The first category appears to be limited to speech that's unprotected by the First Amendment because it falls within the "true threats" exception. The second appears to be limited to "unwanted communications to a subject" (which I assume wouldn't extend just to communications about the subject) such as

over the course of a week, either repeatedly yell[ing] outside an ex-partner's house during the night, or repeatedly follow[ing] closely next to a woman importuning her for a date or making other unwanted comments, despite constant demands to stop.
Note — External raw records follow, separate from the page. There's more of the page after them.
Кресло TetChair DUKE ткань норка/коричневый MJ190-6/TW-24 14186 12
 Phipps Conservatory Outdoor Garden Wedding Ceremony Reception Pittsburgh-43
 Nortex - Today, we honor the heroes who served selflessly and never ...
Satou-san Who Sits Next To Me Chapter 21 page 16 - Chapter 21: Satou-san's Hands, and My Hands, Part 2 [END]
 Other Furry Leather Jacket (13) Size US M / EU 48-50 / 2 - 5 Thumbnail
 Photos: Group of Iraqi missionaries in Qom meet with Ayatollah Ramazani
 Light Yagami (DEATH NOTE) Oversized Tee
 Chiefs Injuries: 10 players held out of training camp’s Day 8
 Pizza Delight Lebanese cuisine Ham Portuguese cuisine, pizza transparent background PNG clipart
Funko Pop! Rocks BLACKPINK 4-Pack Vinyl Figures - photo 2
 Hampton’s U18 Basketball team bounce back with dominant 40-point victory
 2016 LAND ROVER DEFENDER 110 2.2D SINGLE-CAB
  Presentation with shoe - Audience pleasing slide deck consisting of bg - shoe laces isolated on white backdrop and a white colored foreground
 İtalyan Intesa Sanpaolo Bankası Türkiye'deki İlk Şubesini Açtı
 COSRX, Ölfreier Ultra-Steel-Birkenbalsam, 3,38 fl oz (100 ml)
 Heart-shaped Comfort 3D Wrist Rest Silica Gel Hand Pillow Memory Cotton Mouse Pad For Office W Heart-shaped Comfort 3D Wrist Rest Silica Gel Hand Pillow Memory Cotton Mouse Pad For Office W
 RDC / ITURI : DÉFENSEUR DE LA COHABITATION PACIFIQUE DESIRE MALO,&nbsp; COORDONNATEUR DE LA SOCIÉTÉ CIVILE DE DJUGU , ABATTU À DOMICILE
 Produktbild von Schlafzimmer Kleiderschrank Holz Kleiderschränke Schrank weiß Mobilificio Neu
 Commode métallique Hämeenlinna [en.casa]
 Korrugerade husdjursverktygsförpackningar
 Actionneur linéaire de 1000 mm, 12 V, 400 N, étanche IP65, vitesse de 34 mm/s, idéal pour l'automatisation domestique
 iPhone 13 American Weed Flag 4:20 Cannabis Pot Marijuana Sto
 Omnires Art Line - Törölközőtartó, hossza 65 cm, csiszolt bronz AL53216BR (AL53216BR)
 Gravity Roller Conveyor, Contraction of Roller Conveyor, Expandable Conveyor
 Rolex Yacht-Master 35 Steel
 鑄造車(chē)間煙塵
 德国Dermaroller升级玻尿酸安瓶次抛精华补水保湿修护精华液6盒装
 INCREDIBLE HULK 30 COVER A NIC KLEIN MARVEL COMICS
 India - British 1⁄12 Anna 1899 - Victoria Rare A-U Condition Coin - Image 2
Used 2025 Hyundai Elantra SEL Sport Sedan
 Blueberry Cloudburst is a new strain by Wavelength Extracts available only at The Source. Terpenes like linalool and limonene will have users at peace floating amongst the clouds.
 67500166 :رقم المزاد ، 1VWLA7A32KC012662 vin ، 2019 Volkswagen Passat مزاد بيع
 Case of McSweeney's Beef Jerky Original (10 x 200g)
This is consistent with several recent cases striking down broad state criminal harassment statutes—or reading them narrowly to avoid invalidating them—such as People v. Relerford (Illinois), People v. Marquan M. (New York), State v. Bishop (North Carolina), and Commonwealth v. Welch (Massachusetts). And I think that, in broad outline, this is generally right; as I argued in my One-to-One Speech vs. One-to-Many Speech, Criminal Harassment Laws, and "Cyberstalking" (Nw. U. L. Rev. 2013), such speech must remain protected unless it (1) falls within a First Amendment exception, such as the one for "true threats," or (2) it is said specifically to a person rather than about the person (the classic example being harassing phone calls to the person's home). There are various complications, as usual (for instance, I think even repeated unwanted speech to government officials would often be protected), but that's the right broad outline.

[2.] And the court's rationale strikes me as generally sound, too. Here are some key elements:

a. The government can't defend a broad reading of the law on the grounds that the law bans "conduct" rather than speech. As applied to speech, the law operates as a speech restriction:

Speech … cannot be transformed into criminal conduct merely because it annoys, disturbs, or arouses contempt.

b. The "purpose to harass" element doesn't save the law; because "one common definition of harass is to annoy," "the words 'harass' and 'annoy' are interchangeable"—and a purpose to seriously annoy cannot strip speech of constitutional protection.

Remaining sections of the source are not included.